Indirettamente gli risponde Vittorio Sgarbi che abbiamo sentito sulla vicenda: «Il problema non è l’opera di Vangi, scultore che peraltro apprezzo, ma il suo inserimento all'Interno di un contesto con il quale non si amalgama. E non si amalgama perché ormai si è rotto il continuum storico durato fino all’Ottocento per cui era possibile una stratificazione culturale svolta secondo un filo  che, nella variazione cronologica nonché di gusto, manteneva una sostanziale omogeneità». Quel continuum storico, cui fa riferimento Sgarbi, si interrompe di fatto con i grandi movimenti delle avanguardie storiche, con la rottura volontaria, al tempo certo necessaria, ma poi divenuta incomponibile, con il passato.
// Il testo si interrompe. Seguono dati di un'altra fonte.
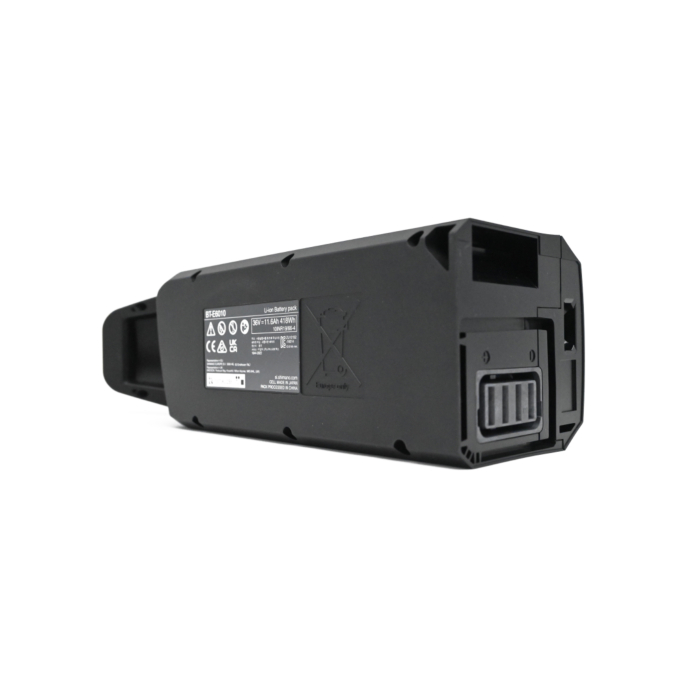 foto van de Shimano BT-E6010 36V 11.6Ah vanaf de onderkant waar je de stickers met uitleg en waarschuwingen duidelijk kan zien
Naturalmente la prima domanda che si pone di fronte al caso del Duomo di Pisa è chi abbia dato l’autorizzazione  per un intervento di tale portata. Ce lo spiegano dalla Sovrintendenza Pisana , il dottor Malchiodi ricostruisce a grandi linee l’iter della vicenda: «la proposta è arrivata dall’arcivescovado per, per necessità liturgiche, ci hanno presentato un progetto che per competenza abbiamo inviato al Ministero dei Beni Culturali da dove è arrivata l’autorizzazione. Per quanto ci riguarda abbiamo solo posta la condizione che le opere tolte dall’interno del Duomo, e in particolare i due angeli del Giambologna, fossero destinati alla musealizzazione in tempi brevi, questo ci è stato garantito».

Dunque la questione passa al Ministero dei Beni Culturali e Vittorio Sgarbi ci racconta cosa è successo dopo l’articolo di Quintavalle: «Mi sono subito messo in contatto con Urbani che mi ha pregato di fare una lettera al Corriere  per spiegare la posizione del Ministero. Io sono assolutamente d’accordo con Quintavalle. Il problema è che questa è una ennesima dimostrazione della politica culturale portata avanti dal duo Veltroni-Melandri che ha permesso scempi indiscriminati come quello di Pisa. Noi ci troviamo a raccogliere un’eredità, in questo senso pesante e dobbiamo cambiare politica culturale, per garantire soprattutto la conservazione delle nostre opere d’arte. Attenzione, questo non significa – prosegue Sgarbi – che si debba fare un falò dell’arte contemporanea, tutt’altro, l’arte contemporanea è giusto che venga valorizzata in un contesto che le è consono, in una bella chiesa moderna. Qui si parla di questioni di opportunità, di un contesto che deve essere rispettato».

Dicono però che metteranno le opere del Giambologna in un museo, non è una sorta di “uccisione” dell’arte? «Certo, l’arte vive nel suo contesto e lì deve essere lasciata fino a che è possibile».

Già ma ora che il “danno” è fatto cosa pensate di fare: «Prima di tutto impedire che cose del genere si ripetano, poi studieremo i termini della questione pisana  per stabilire se è possibile riportare le cose allo status quo ante, ovviamente sono decisioni difficili che devono essere meditate e fatte con intelligenza».

Stiamo parlando telefonicamente con Vittorio Sgarbi, lui è in macchina, da Parma si sta recando alla Versiliana per il programmato incontro  con Paolucci e Alain Elkan, mentre stiamo parlando improvvisamente il blasonato  sottosegretario esclama, evidentemente all’indirizzo di qualcuno che è con lui, «Guarda, guarda che meraviglia!». Segue un attimo di silenzio. «Macché, non guardano!» aggiunge un po’ sconsolato. Lui invece continua a guardare, a guardarsi intorno, a fare la sentinella al nostro incredibile patrimonio artistico, e questa per tutti è una garanzia.